Owing back child support may affect the ability of a person in Texas to get a mortgage but will not necessarily do so. A parent who has fallen behind in child support payments may be unable to get certain types of government loans, such as those associated with the VA or FHA. A 2016 audit found that applicants sometimes slipped through the cracks and were erroneously given loans, but there are other opportunities for financing that do not consider a child support delinquency disqualifying.
Credit reporting agencies do not report delinquent child support, tax liens and some other debts in the way they used to, so a person's credit score might be unaffected. However, a person may still be required to include this in a mortgage application. The first step should be checking credit scores to see if the overall credit is high enough to get a nongovernmental loan.
The credit score along with debt-to-income ratio and down payment are all that Fannie Mae looks at. The credit score requirement varies based on the debt-to-income ratio and whether or not the person has savings. The state child support enforcement agency may report a person to a federal debt database called CAIVRS if the person is delinquent. However, making a written agreement with the court may qualify a person for removal.

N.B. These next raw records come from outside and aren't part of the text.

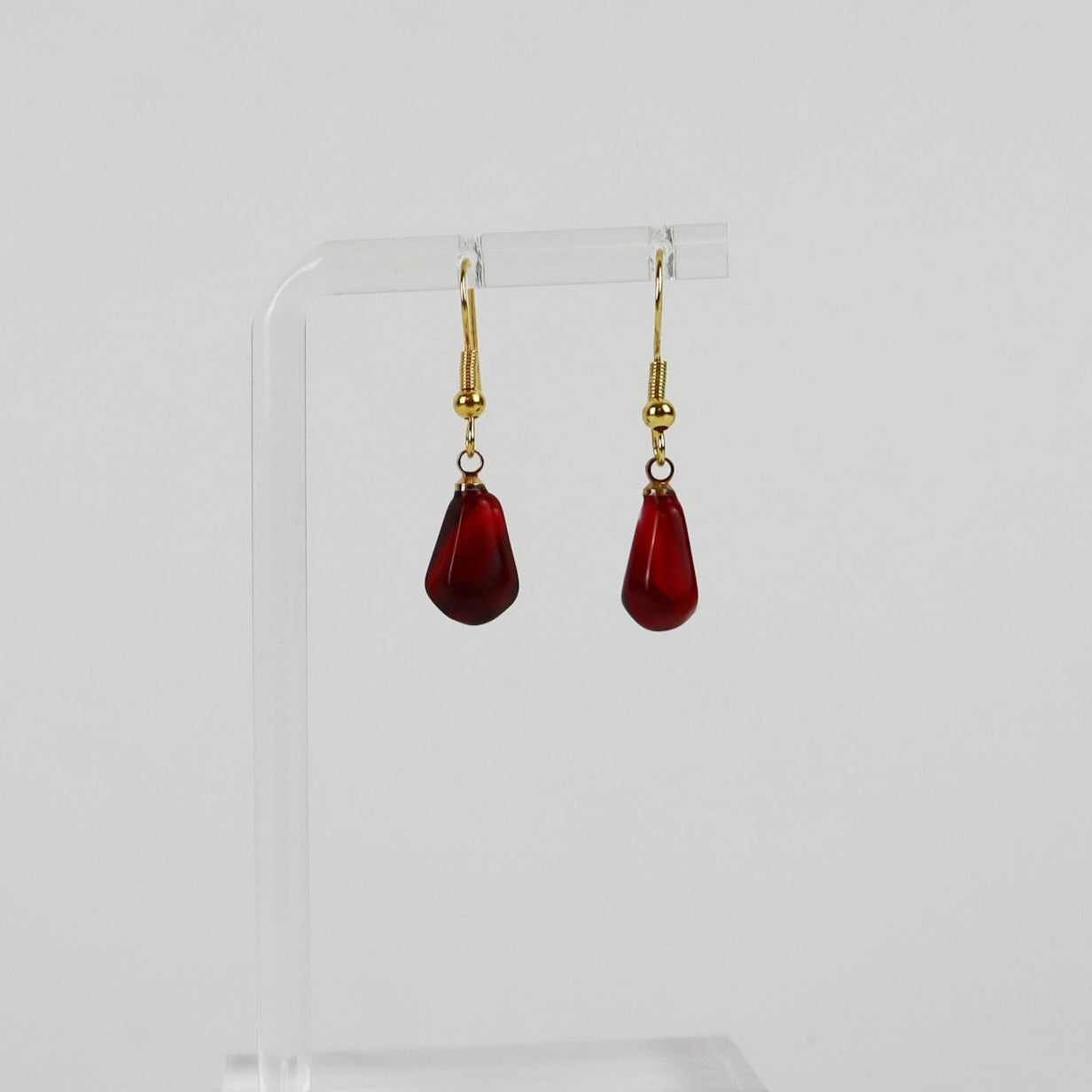 Food & Drink Hook -- pomegranate seeds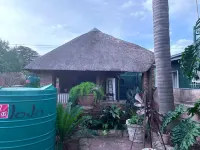 Charming Holiday House in Roodepoort with Garden & Pool - 2-Sterne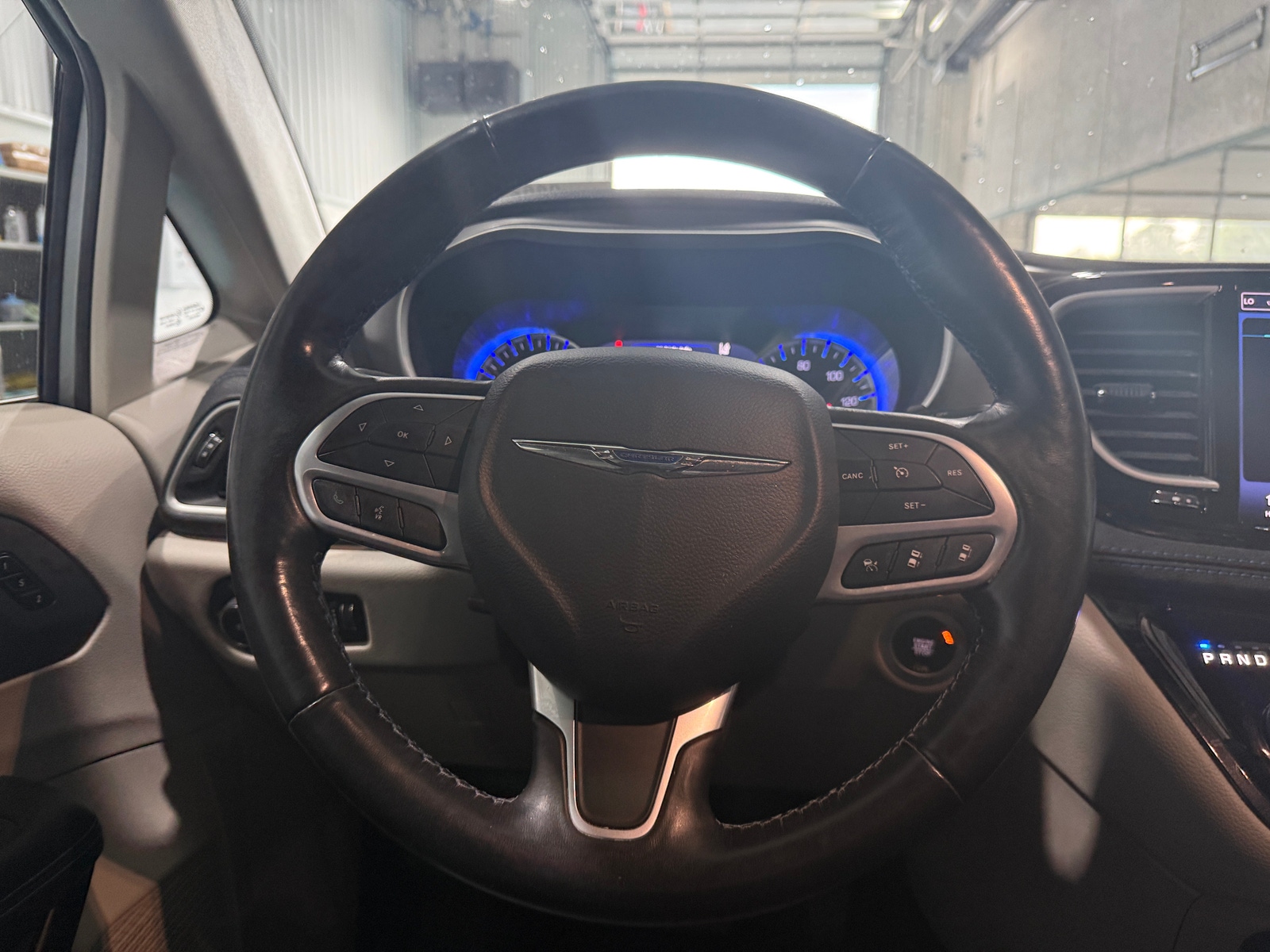 Thumbnail: 2021 Chrysler Pacifica - 4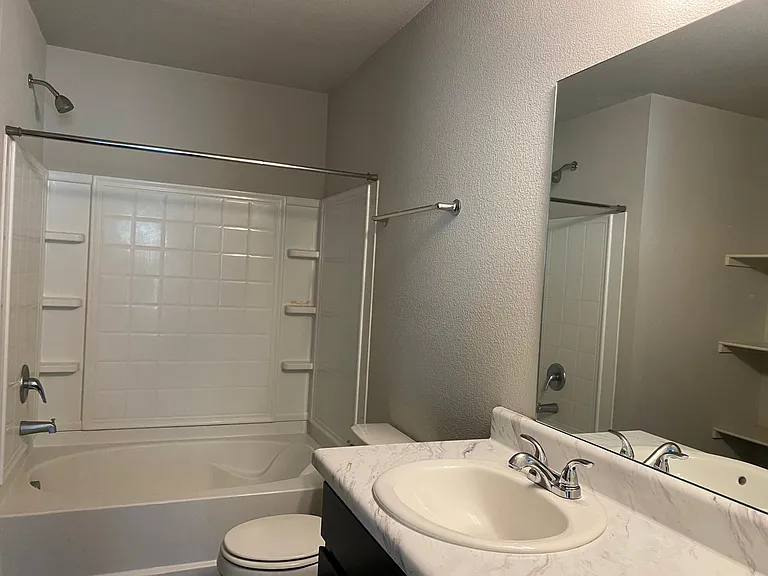 2409 Windy Ln — Photo 12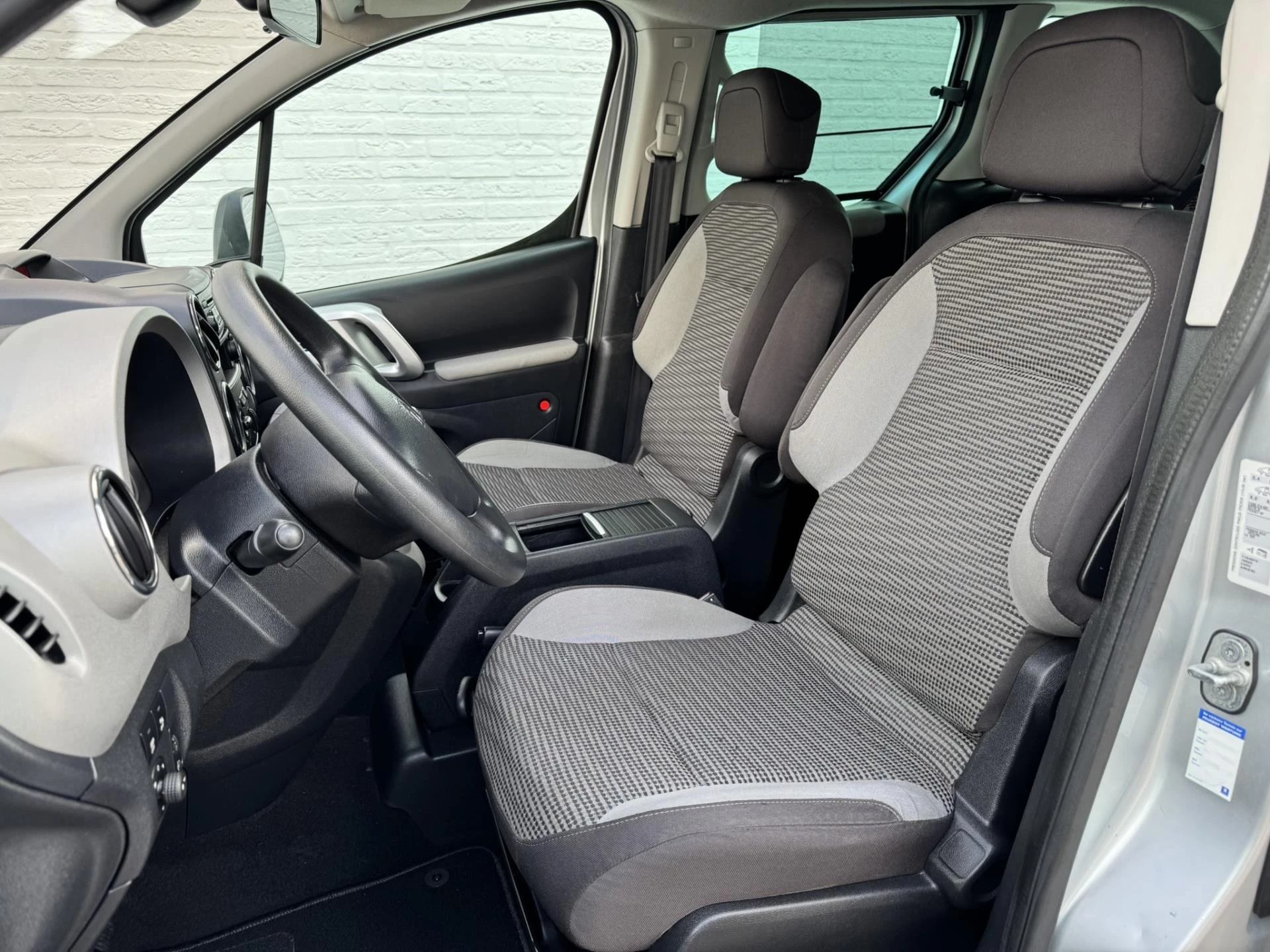 Hoofdafbeelding Peugeot Partner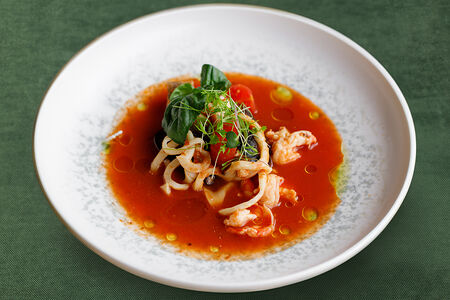 Томатный суп с морепродуктами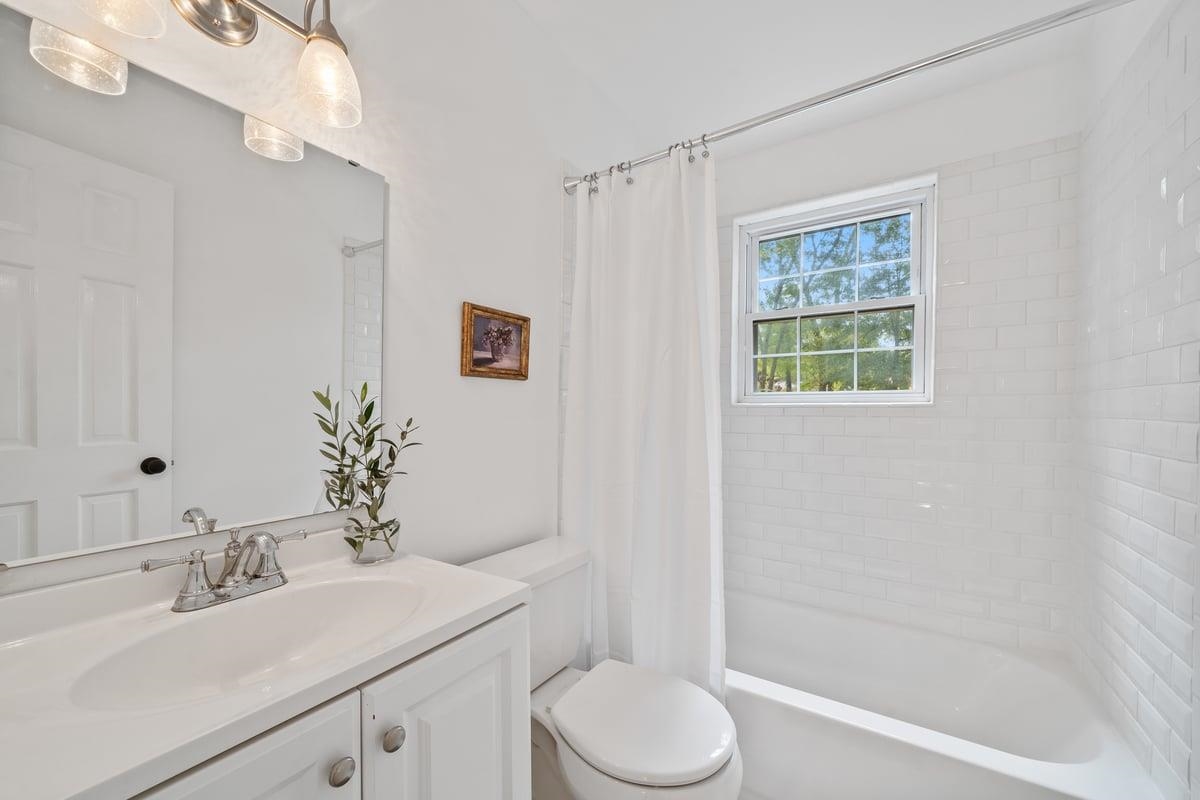 Collierville, Tennessee, 38017, United States, 3 Bedrooms Bedrooms, ,3 BathroomsBathrooms,Residential,For Sale,1989206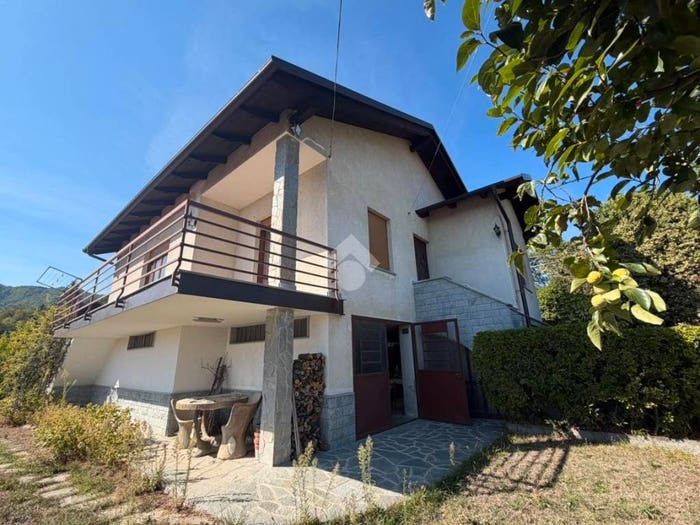Casa quadrilocale in vendita in Strada Verna, Fiola, Cumiana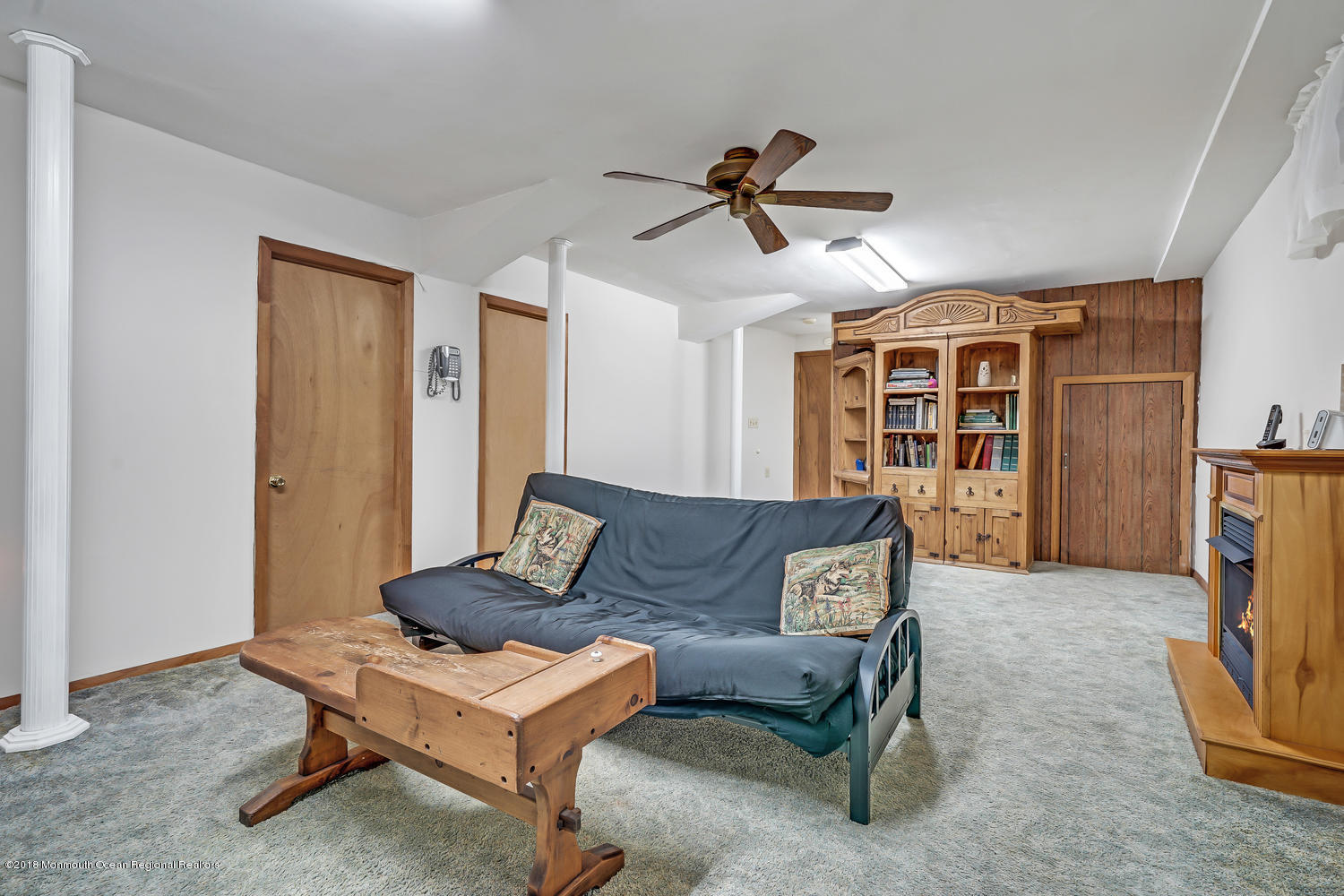 31 Frank Applegate Road Jackson, NJ 08527 - Photo 36 of 36 a living room with furniture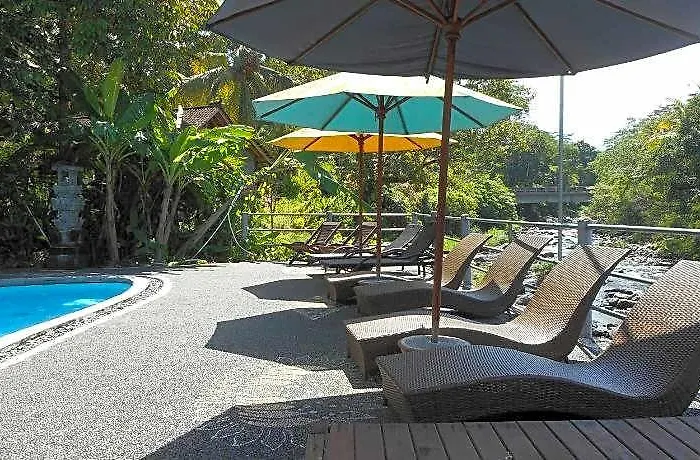 Tepi Sungai バリ島
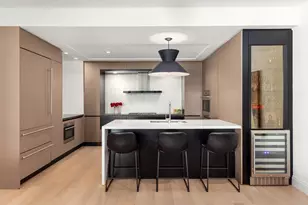 318 E 81st St, New York City, NY 10028 - Photo 3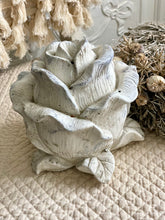 Charger l&#39;image dans la galerie, Rose ciment blanc antique H16xL15cm
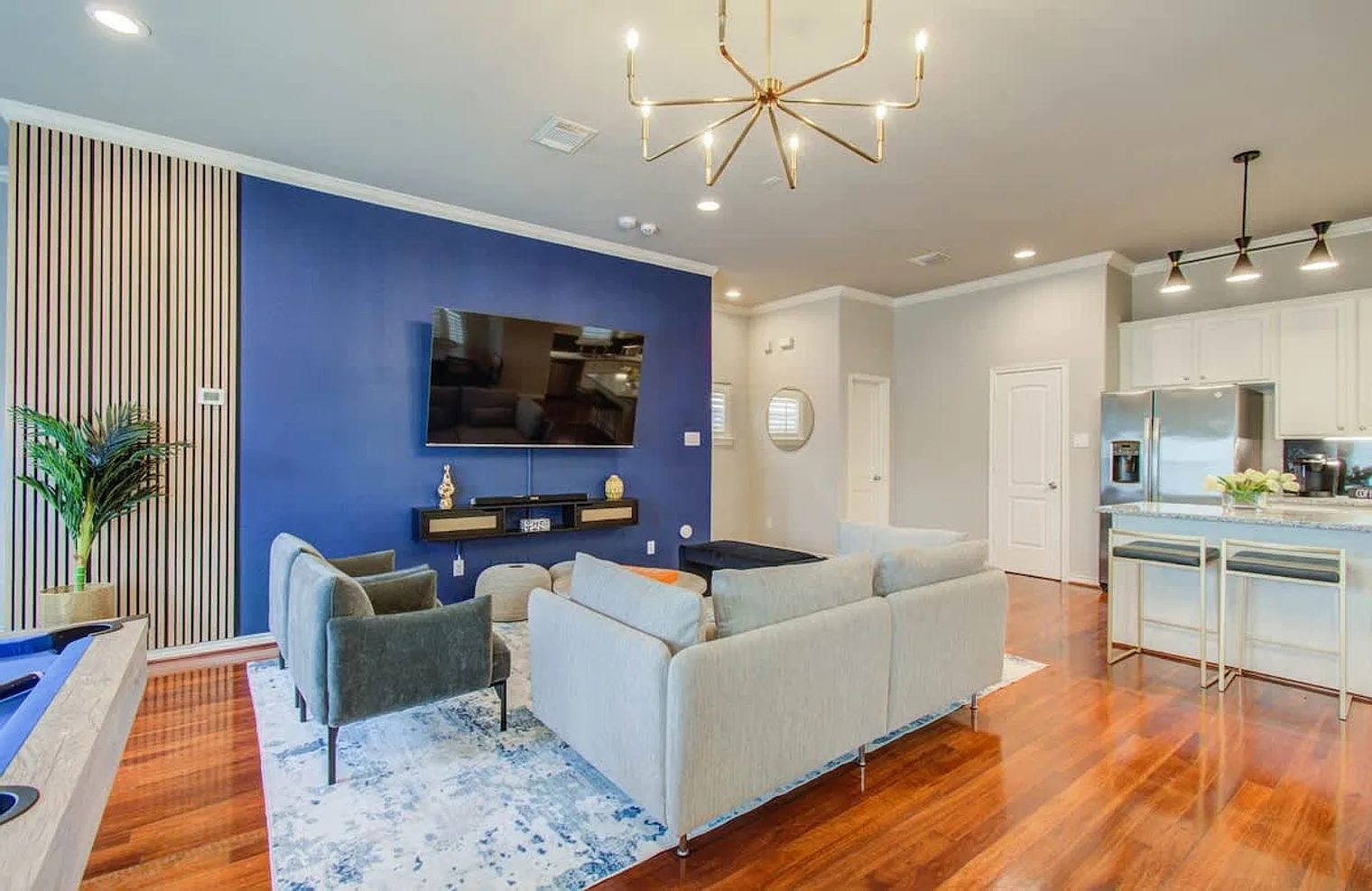 3 bed, 3.0 bath, 2389 sqft, $5,126 — Photo 2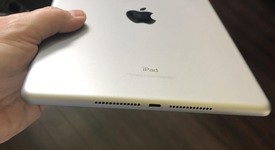 Mint
													Apple iPad 6th Gen - Unlocked, Gray, 32 GB, A1954, photo 4 of 7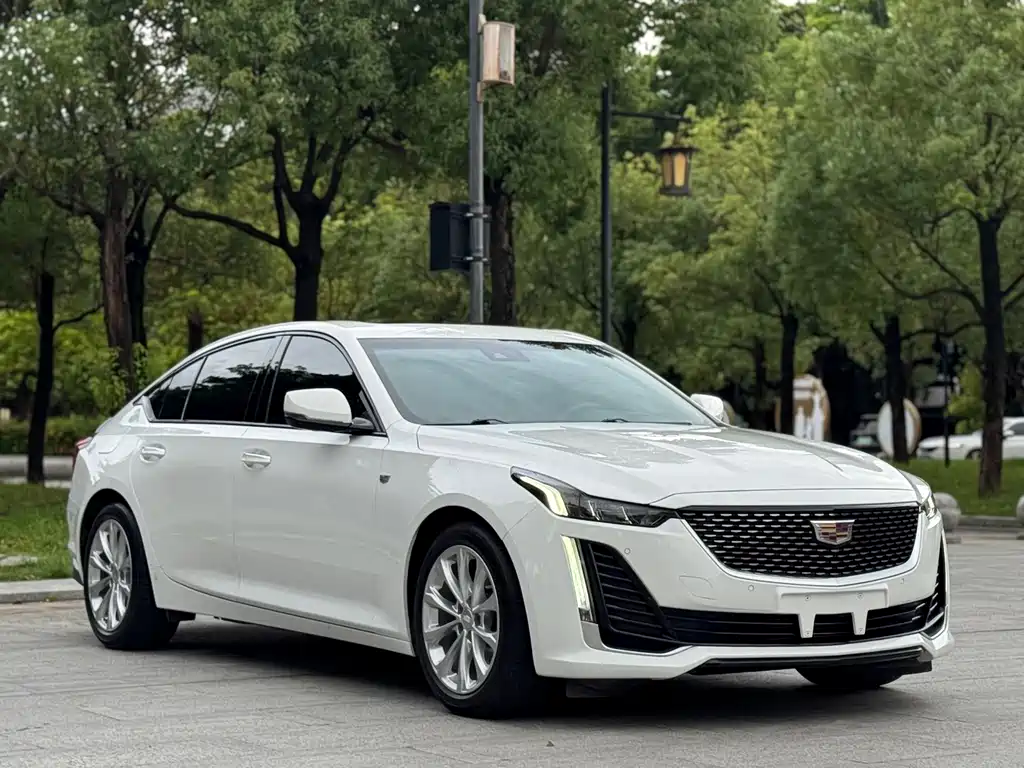 Cadillac CT5 — миниатюра 3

A parent who is struggling to keep up with child support payments can ask the court for a modification in support if there is a change in circumstances that affects the parent's income. If the parents have a formal child support agreement in place, requesting this modification is necessary even if the parents agree on it. If the parent falls behind in payments before the modification is approved, that parent will still be responsible for delinquent payments after its approval.